(3) … Can language be taken as the model / interpretant of all other semiotic systems …
(McDonald 2013):
[F]rom the point of view of a general semiology, it is the very difficulty of accounting for the largely symbolic, unmotivated nature of linguistic signs that makes a clear understanding of linguistic meaning very hard to attain. At the same time, whether or not we regard language as functioning as the (potential) interpreter of all other semiotic systems, it is undeniable that it tends to be used that way by many semioticians, especially Social Semioticians, very often in the same breath as denying that language has any special status. A refocusing on communication as multimodal may well be being forced on us by developments in communicative technologies, as Machin suggests, but it also represents a long overdue recognition of the importance of embodied semiotics in much human interaction, as Ruthrof shows.… Much multimodal work in the Social Semiotic tradition seems curiously visually-biased, and at the same time largely unproblematically ‘analogising’ concepts from linguistics for the analysis of other semiotic systems, without seemingly feel much need, as Machin notes, to engage with existing scholarship in those areas.
[A]: the largely symbolic nature of linguistic signs is difficult to account for.
[B]: [A] makes a clear understanding of linguistic meaning very hard to attain.

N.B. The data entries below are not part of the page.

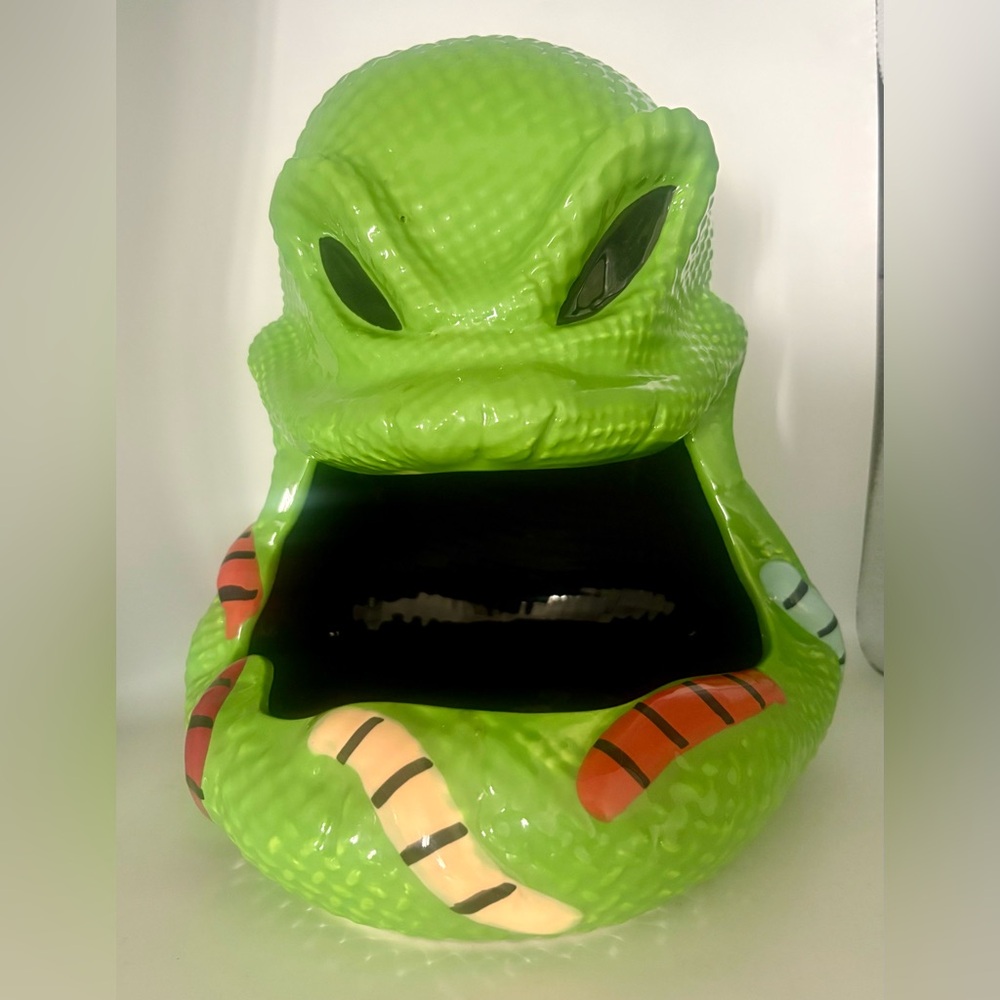 Oogie Boogie Candy Dish Halloween Nightmare Before Christmas Disney 2025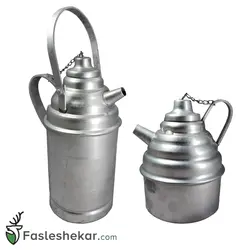 کتری و قوری آتیشی شامورتی ظرفیت 3 لیتر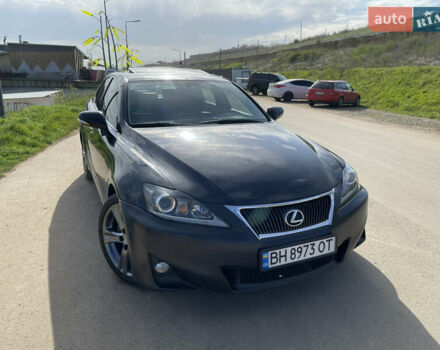 Чорний Лексус ІС, об'ємом двигуна 2.5 л та пробігом 204 тис. км за 11200 $, фото 1 на Automoto.ua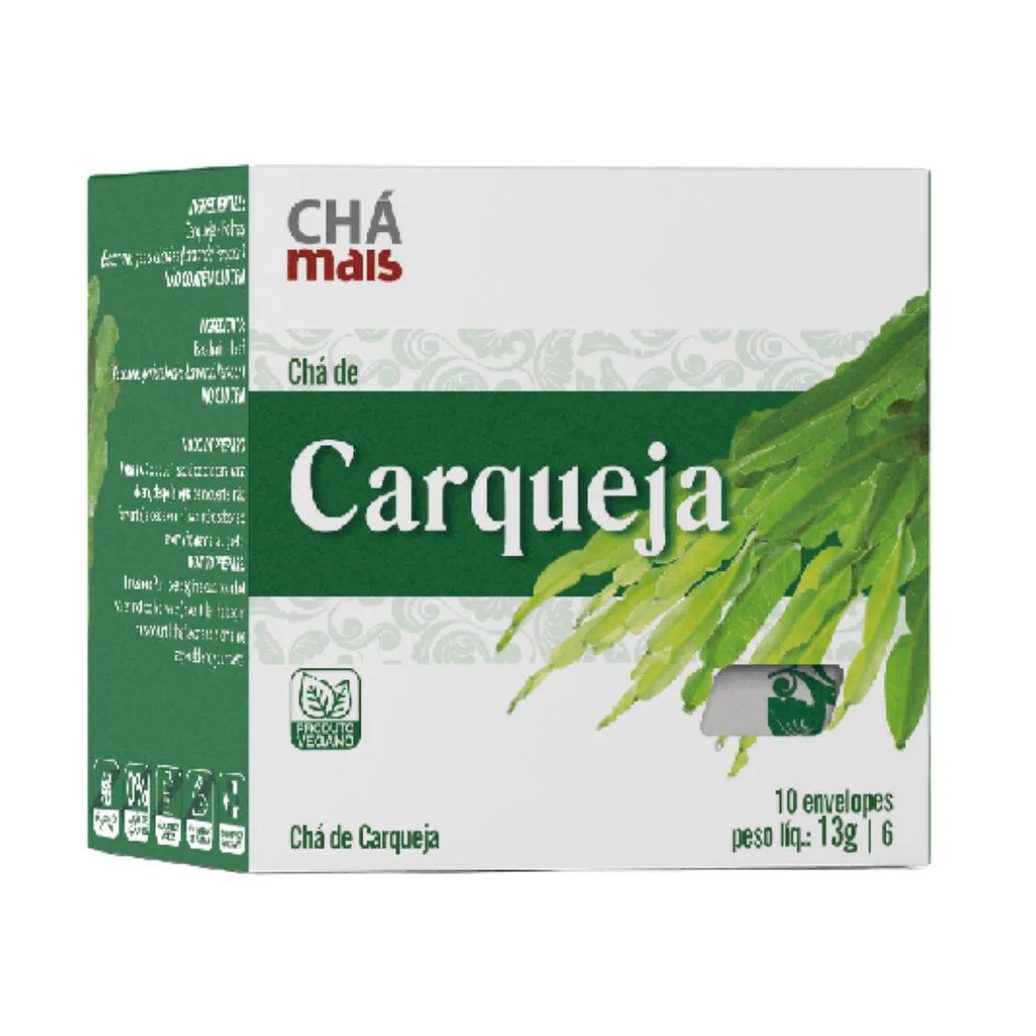 Chá de Carqueja 10 Sachês - Chá Mais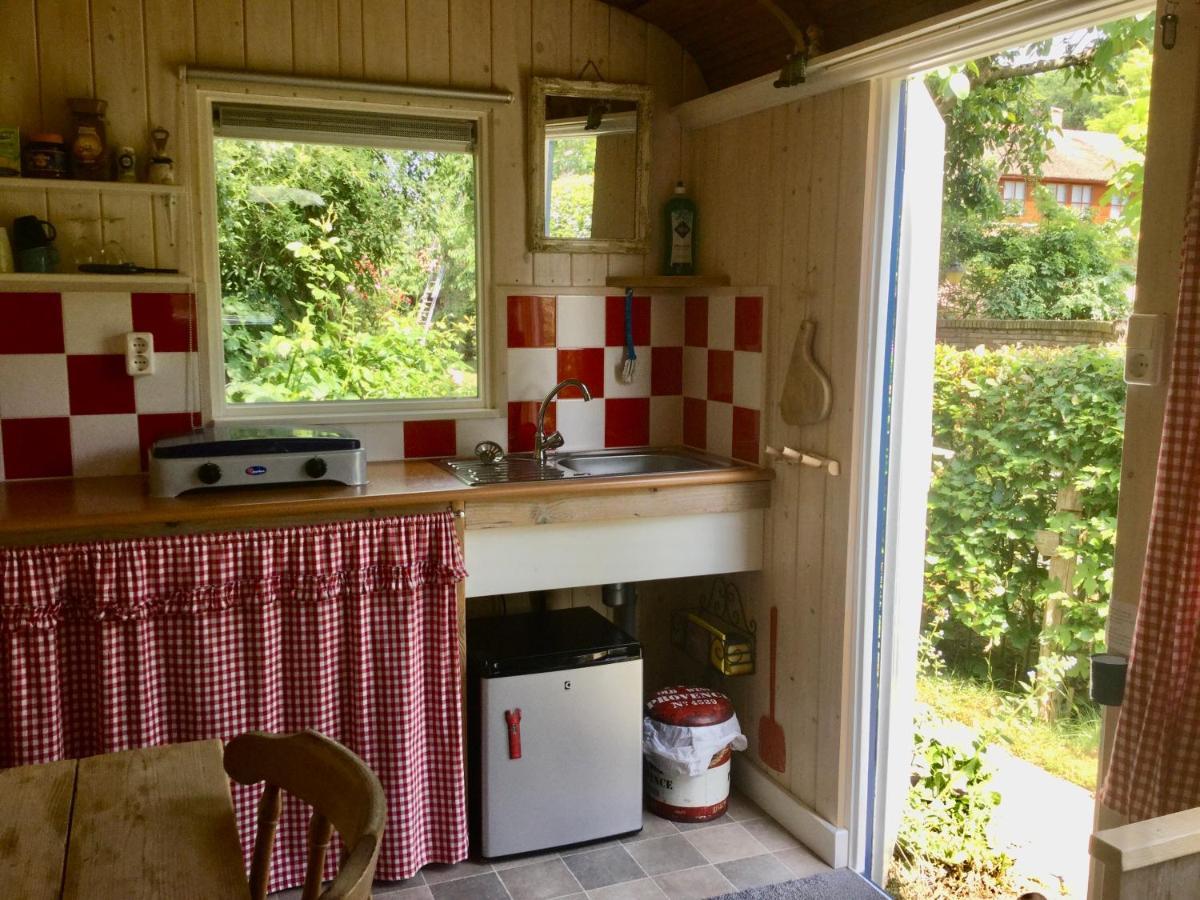 De Akker, Unieke Overnachting In Pipowagens! Ommeren Extérieur photo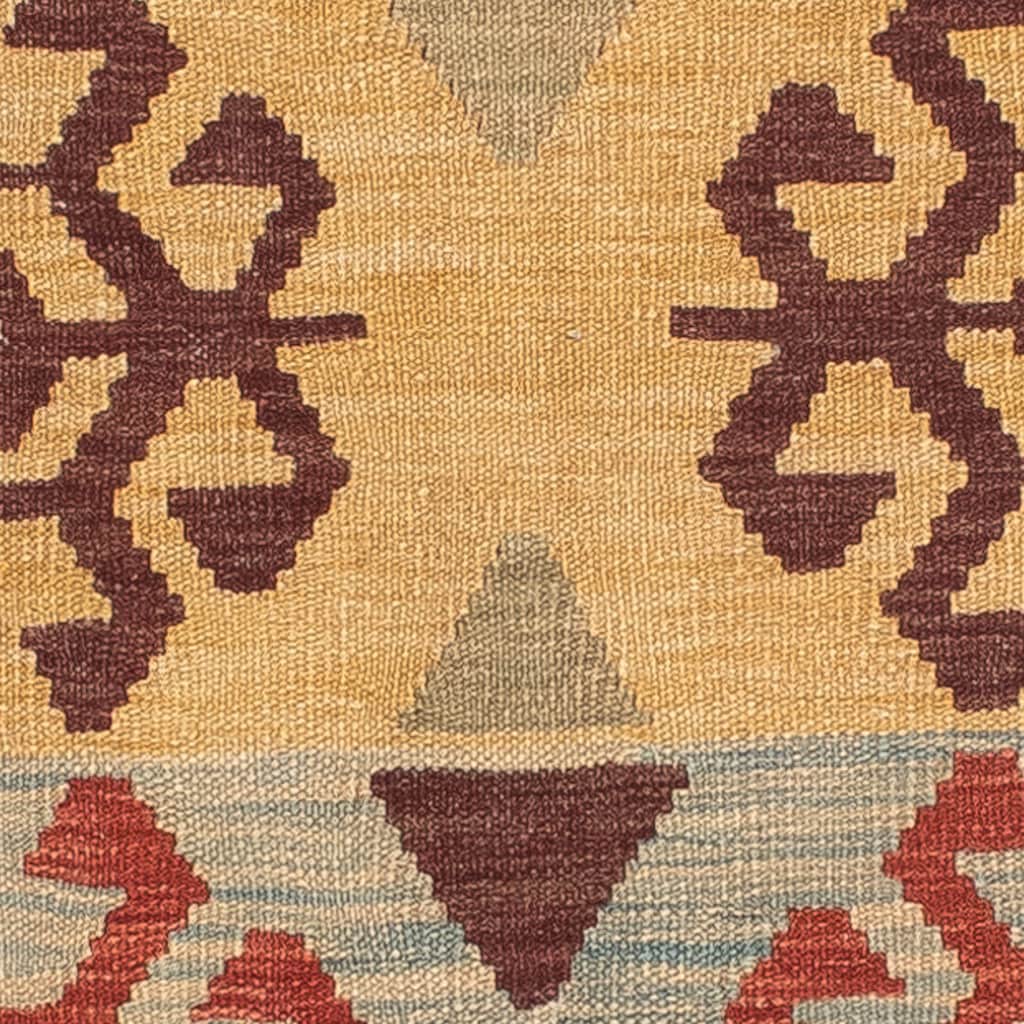 morgenland Wollteppich »Kelim - Oriental - 196 x 151 cm - mehrfarbig«, rechteckig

With regard to [A], the largely symbolic nature of linguistic signs is accounted for by the fact that it evolved in the species from symbolic protolinguistic signs (phylogenesis) and develops in the individual from symbolic protolinguistic signs (ontogenesis). So the question is, rather, why should protolinguistic signs be largely symbolic? On Halliday's model, the symbolic nature of protolinguistic signs can be understood as motivated by the general functions that protolanguage serves: the personal, interactional, instrumental and regulatory microfunctions.
With regard to [B], this is clearly false, since a clear understanding of linguistic meaning is demonstrated whenever the users of language understand each other's meaning, and a clear theoretical understanding of linguistic meaning is proposed by linguistic theories such as SFL.
[2] To be clear, McDonald provides no evidence in support of his ad hominem attack.
[3] To be clear, SFL Theory explicitly models language as "embodied" semiotics in human interaction. Halliday (2003: 13):
[4] To be clear, written language is also "visually-based".
[5] To be clear, scholarship framed in terms of other theories needs to be reframed in terms of the theory being used. In the immanent view of meaning that SFL Theory takes, there is no ultimate theory of phenomena that can be reached by cherry-picking from different theories. Instead, there are applications of each theory that are either valid or invalid in terms of that theory.